┌─ Stored data

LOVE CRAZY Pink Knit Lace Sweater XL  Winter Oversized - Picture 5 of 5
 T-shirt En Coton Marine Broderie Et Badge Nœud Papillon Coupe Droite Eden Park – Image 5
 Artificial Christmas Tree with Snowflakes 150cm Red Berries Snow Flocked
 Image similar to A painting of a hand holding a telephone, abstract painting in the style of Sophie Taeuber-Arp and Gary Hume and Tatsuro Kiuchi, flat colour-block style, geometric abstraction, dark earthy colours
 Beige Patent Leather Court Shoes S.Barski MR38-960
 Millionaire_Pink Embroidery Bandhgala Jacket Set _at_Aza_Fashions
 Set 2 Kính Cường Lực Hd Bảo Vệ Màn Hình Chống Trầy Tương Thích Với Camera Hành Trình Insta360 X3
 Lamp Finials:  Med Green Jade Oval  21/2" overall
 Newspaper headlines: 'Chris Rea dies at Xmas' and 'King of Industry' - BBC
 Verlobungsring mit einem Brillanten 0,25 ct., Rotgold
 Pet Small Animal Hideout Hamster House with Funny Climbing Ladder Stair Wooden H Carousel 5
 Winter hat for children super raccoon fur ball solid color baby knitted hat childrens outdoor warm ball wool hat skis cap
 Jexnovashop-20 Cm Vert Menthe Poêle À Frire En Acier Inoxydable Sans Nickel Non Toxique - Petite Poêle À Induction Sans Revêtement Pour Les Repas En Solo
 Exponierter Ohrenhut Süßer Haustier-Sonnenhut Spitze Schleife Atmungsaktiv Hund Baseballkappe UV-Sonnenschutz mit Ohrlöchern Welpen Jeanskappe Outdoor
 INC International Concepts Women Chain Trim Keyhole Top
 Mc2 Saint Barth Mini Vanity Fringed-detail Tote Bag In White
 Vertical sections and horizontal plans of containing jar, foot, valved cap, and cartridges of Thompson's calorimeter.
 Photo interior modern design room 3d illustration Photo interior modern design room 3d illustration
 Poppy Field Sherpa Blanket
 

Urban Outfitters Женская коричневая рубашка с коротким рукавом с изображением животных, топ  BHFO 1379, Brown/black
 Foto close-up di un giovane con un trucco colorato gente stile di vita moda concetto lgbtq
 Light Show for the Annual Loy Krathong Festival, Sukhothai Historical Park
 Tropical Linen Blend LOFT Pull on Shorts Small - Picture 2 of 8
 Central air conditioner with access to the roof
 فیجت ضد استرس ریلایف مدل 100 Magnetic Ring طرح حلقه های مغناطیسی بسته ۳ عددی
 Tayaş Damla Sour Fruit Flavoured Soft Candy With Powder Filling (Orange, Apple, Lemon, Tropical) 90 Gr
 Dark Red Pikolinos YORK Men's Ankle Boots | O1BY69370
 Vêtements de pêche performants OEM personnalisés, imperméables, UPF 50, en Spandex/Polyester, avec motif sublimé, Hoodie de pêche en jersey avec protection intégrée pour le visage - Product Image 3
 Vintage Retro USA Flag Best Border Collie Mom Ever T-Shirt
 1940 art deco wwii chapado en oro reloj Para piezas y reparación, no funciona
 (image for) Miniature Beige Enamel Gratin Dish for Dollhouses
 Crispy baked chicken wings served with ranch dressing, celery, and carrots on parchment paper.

└─

#### [Problem details]
Set down exactly the lines of the data above, beginning with the line that has "Poppy Field Sherpa Blanket" and ending with the line that has "Vêtements de pêche", and no others.

#### [Task solution]
 Poppy Field Sherpa Blanket
 

Urban Outfitters Женская коричневая рубашка с коротким рукавом с изображением животных, топ  BHFO 1379, Brown/black
 Foto close-up di un giovane con un trucco colorato gente stile di vita moda concetto lgbtq
 Light Show for the Annual Loy Krathong Festival, Sukhothai Historical Park
 Tropical Linen Blend LOFT Pull on Shorts Small - Picture 2 of 8
 Central air conditioner with access to the roof
 فیجت ضد استرس ریلایف مدل 100 Magnetic Ring طرح حلقه های مغناطیسی بسته ۳ عددی
 Tayaş Damla Sour Fruit Flavoured Soft Candy With Powder Filling (Orange, Apple, Lemon, Tropical) 90 Gr
 Dark Red Pikolinos YORK Men's Ankle Boots | O1BY69370
 Vêtements de pêche performants OEM personnalisés, imperméables, UPF 50, en Spandex/Polyester, avec motif sublimé, Hoodie de pêche en jersey avec protection intégrée pour le visage - Product Image 3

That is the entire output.